The use of technology in humanistic teaching and research (themselves both gendered and increasingly un(der)paid forms of labor!) is thus, in this moment, a pressing feminist issue. If collaborative teams, flextime, telecommuting, and women in the (paid) workplace once seemed like radical labor innovations, today they are capitalism’s preferred modus operandi, often facilitated by digital technologies and often used to shift overhead to the worker, reduce hours and benefits, and make workers as fungible (and thus fireable) as possible. The distinctions between consumption and production, work and leisure become difficult to discern.
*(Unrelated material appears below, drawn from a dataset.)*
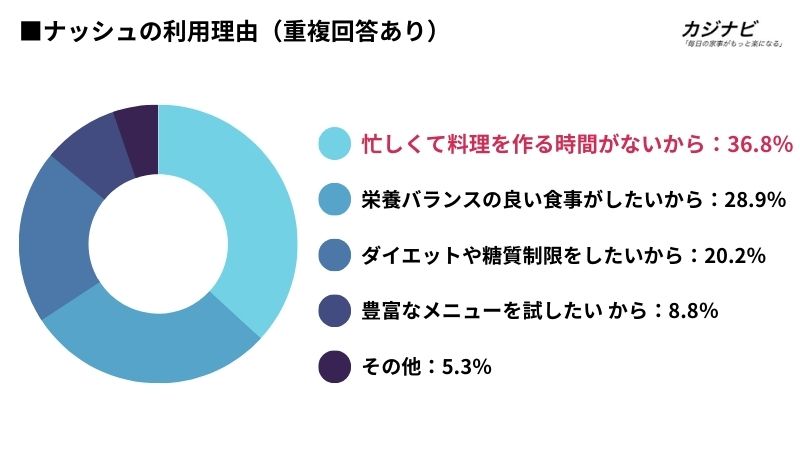 ナッシュの利用理由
When we consider that in some circles, it is an orthodoxy that the use of “big data”** requires the use of piecemeal labor structures like Amazon’s Mechanical Turk, it is important to question the labor implications of the use of digital techniques in the humanities. Likewise, it seems illuminating that many of the metaphors currently used to describe digital humanities work allude to masculine-coded manual labor decidedly associated with the old spirit of capitalism: “tools,” “digging into data,” the “DiRT wiki,” the rhetoric of the “hands-on.” Such terms seem tailor-made to suggest that this work is anything but immaterial.
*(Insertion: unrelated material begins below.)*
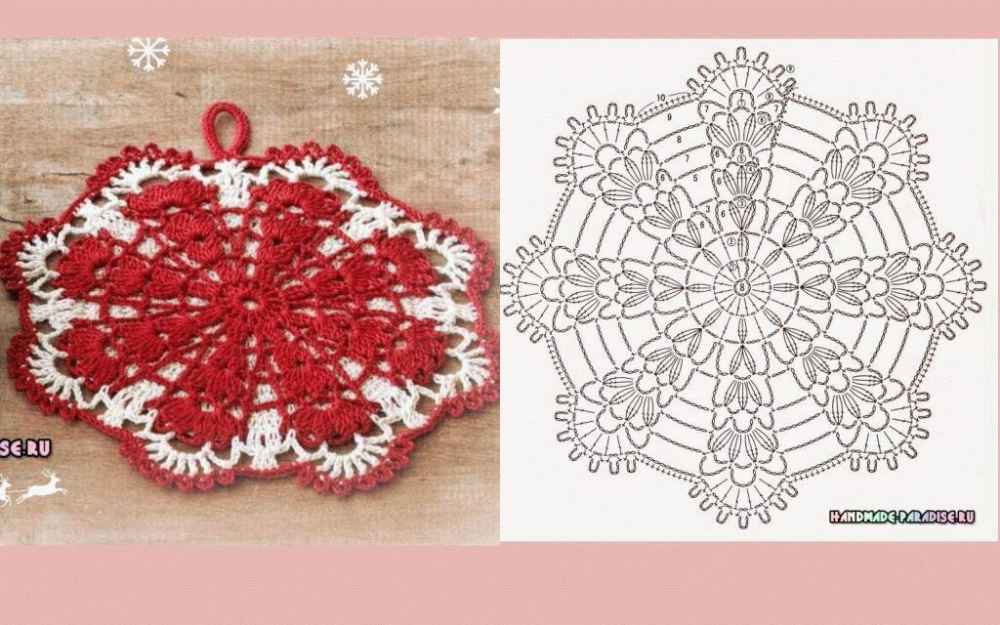 Кухонные прихватки вязаные крючком со схемами Школа пожилого возраста по направлению "Декоративно прикладное творчество" на те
What feminist interventions might be made into current digital labor structures? How much emotion work is involved in digital projects, and to what degree is it recognized or effaced? Can feminist critique help to explain why digital humanities fetishizes “building tools,” whereas the use of pre-existing platforms in virtuoso displays of emotion work (Tumblr, Pinterest, Facebook, moderating forums, and, in an earlier moment, Livejournal) is not only questioned as work but generally declared not digital and certainly outside the realm of “digital humanities”? In what ways is digital humanities by default complicit with the “new spirit of capitalism,” and how might such defaults be reset?

*As Andrew Ross has argued (in Scholz, ed.), one of those infrastructures is hidden hypertaylorism in the factories that produce the material substrate of the digital world, usually involving women—think Foxconn.
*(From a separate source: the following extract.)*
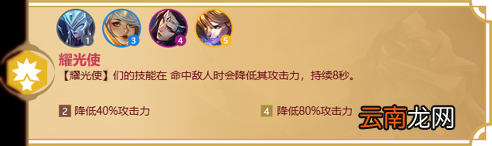 金铲铲之战福星羁绊大全 金铲铲之战福星羁绊有哪些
**As I believe Ted Underwood has pointed out, almost no humanities projects involve truly “big” data, so this injunction is largely hypothetical.

—–

Boltanski, Luc, and Eve Chiapello. The New Spirit of Capitalism. New York, NY: Verso, 2005.

Corsani, A. (Antonella). “Beyond the Myth of Woman: The Becoming-Transfeminist of (Post-)Marxism.” Translated by Timothy S. Murphy. SubStance 36, no. 1 (2007): 107–138.

Federici, Silvia. Caliban and the Witch: Women, the Body and Primitive Accumulation. New York: Autonomedia, 2004.

Grant, Melissa Gira. “Girl Geeks and Boy Kings.” Dissent: A Quarterly of Politics and Culture, Winter 2013. www.dissentmagazine.org/article/girl-geeks-and-boy-kings.

Hardt, Michael, and Antonio Negri. Empire. Cambridge, Mass: Harvard University Press, 2000.

———. Multitude: War and Democracy in the Age of Empire. New York: Penguin, 2004.

Hochschild, Arlie Russell. The Commercialization of Intimate Life: Notes from Home and Work. Berkeley: University of California Press, 2003.

———. The Managed Heart: Commercialization of Human Feeling. 20th anniversary ed. Berkeley, Calif: University of California Press, 2003.

Horning, Rob. “Facebook and Living Labor.” The New Inquiry. 17 May 2012.

———. “Facebook in the Age of Facebook.” The New Inquiry. 19 April 2012.

Moulier Boutang, Yann. Cognitive Capitalism. Translated by Ed Emery. Cambridge, UK; Malden, MA: Polity Press, 2011.

Power, Nina. One-dimensional Woman. Winchester, UK ; Washington, USA: 0 [Zero] Books, 2009.

Schwartz, Madeleine. “Opportunity Costs: The True Price of Internships.” Dissent: A Quarterly of Politics and Culture, Winter 2013. www.dissentmagazine.org/article/opportunity-costs-the-true-price-of-internships.